函館市文化・スポーツ振興財団

高勢 実乗(本名 能登谷新一) (たかせ みのる)  1897年~1947年

特異な扮装と演技で国中の人々を笑わせたり、喜ばせたりした映画界の奇人。“ワシヤ、カナワンヨ”の台詞で一世を風靡したアーノネのオッサンこと高勢実乗。

高勢 実乗(本名 能登谷新一)

高勢実乗といってもピンとこないだろうが年配の方であればアーノネのオッサンといえばあー、あのひげとちょんまげのと思い出す人も多いだろう。

高勢実乗は本名を能登谷新ーといい、明治30年12月に函館で生まれた。小学生の時に新派を見て感激、俳優に憧れたという。

明治38年、高勢実乗8歳の時上京、劇団を転々とする。映画界入りの前は、一座の座長として中部名古屋あたりでその名を知られた立役者であった。その頃はまじめな芝居で売っていた。

当時、東京の新派の大御所で高田実という名優がいて、その名は全国に知れわたっていた。高勢実乗は名古屋の高田実だと評判されるくらい人気があった。この時の芸名高勢実もそうしたところから付けられたらしい。
明治45年、帝国活動写真株式会社に入社。映画界入りする。

大正8年に日活向島撮映所に二枚目の役者として入社、「西廟記」「松本訓導」翌年には、「湖畔の乙女」「寒椿」に出演したが、間もなく退社する。地方巡業の一座を組んで歩いたすえ、相馬一平と改名して松竹の時代劇に入り、衣笠貞之助監督の作品に多数出演した。しかしその頃売り出しの人気スター林長二郎とイキが合わず、高勢実乗と再度改名して日活入社。大河内伝次郎の敵役に選ばれ、「血煙荒神山」で初顔合わせをした。

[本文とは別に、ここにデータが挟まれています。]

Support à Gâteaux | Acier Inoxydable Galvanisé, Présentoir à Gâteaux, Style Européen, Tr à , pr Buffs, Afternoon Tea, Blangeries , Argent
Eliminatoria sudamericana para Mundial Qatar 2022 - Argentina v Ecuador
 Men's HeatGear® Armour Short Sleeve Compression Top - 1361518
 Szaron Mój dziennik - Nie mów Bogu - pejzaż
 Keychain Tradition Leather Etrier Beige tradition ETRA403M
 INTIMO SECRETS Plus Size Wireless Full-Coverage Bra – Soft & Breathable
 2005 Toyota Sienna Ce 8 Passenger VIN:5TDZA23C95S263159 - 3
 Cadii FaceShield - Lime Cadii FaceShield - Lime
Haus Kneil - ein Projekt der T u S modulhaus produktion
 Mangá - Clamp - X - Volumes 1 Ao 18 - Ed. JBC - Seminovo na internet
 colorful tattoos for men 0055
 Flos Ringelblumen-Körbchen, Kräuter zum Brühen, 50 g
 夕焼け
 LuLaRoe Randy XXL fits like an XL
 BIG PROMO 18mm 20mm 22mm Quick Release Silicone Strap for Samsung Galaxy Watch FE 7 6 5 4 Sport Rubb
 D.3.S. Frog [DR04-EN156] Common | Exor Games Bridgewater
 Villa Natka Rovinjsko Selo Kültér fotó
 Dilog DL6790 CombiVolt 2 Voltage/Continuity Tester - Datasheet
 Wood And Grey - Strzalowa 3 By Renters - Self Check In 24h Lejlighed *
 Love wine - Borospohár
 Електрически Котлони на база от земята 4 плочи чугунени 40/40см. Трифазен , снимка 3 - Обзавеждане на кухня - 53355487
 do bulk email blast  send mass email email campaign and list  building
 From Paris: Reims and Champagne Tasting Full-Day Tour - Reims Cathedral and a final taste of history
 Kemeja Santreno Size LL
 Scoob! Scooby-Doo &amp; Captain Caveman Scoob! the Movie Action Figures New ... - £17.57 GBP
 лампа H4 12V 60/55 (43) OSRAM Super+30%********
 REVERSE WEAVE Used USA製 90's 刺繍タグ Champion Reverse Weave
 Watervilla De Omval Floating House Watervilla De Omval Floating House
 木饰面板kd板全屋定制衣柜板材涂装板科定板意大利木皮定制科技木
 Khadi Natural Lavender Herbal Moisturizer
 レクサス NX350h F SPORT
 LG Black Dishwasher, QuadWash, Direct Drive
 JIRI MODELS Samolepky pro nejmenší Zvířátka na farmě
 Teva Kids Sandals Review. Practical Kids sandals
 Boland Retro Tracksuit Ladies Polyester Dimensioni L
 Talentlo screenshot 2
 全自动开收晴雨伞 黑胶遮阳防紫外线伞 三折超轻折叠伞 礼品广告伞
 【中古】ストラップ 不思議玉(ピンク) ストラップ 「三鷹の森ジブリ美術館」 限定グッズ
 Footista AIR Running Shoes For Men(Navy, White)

大河内伝次郎はものすごい近視でチャンバラになるとメクラめっぽう斬りまくるとおどかされた高勢実乗は、真剣を持ってやると言い出し、真剣同士のチャンバラが始まった。このシーンはそれまでに見ることのなかった程の迫力を生んだ。高勢実乗は、こうした熱演役者であった。

特異なマスクで熱演するとグロテスクで、観客は彼がスクリーンに出ると目をつぶるという始末で、映画館主たちからも“高勢をスクリーンに出すな”という声が上がった。これを百八十度転向させたのは、伊丹万作監督の「国士無双」であった。この喜劇的熱演の成功により、従来のイメージをガラリと変え、後に鳥羽陽之助と組んで「極楽コンビ」というシリーズで多くの楽しい作品を生んでゆくことになる。

山中貞雄監督や稲垣浩監督の作品にのこのこと出ては“どうやオッサン、わしが出たから見物がはいったじゃろうが”と平然と言い放っていた。実際その芝居がクサビとなり一味深くおもしろい映画になった。

高勢実乗はだれかれなくオッサンと呼んだ。それが逆に自分の渾名となってしまった。そしてその人気が最高に達した時“ワシャ、カナワンヨ”ということばが全国に流行、戦争で暗かった気分を明るいものにした。ところが軍部から、“この非常時にカナワンとは何事だ”としかりを受け、彼のとっぴな演技も、自粛するように命じられた。

そして戦後、いつの間にか高勢実乗の姿は消えた。
昭和22年11月、華やかな葬儀もなくこの世を去った。
高勢実乗は、戦前活躍した函館出身の数少ない俳優の1人であった。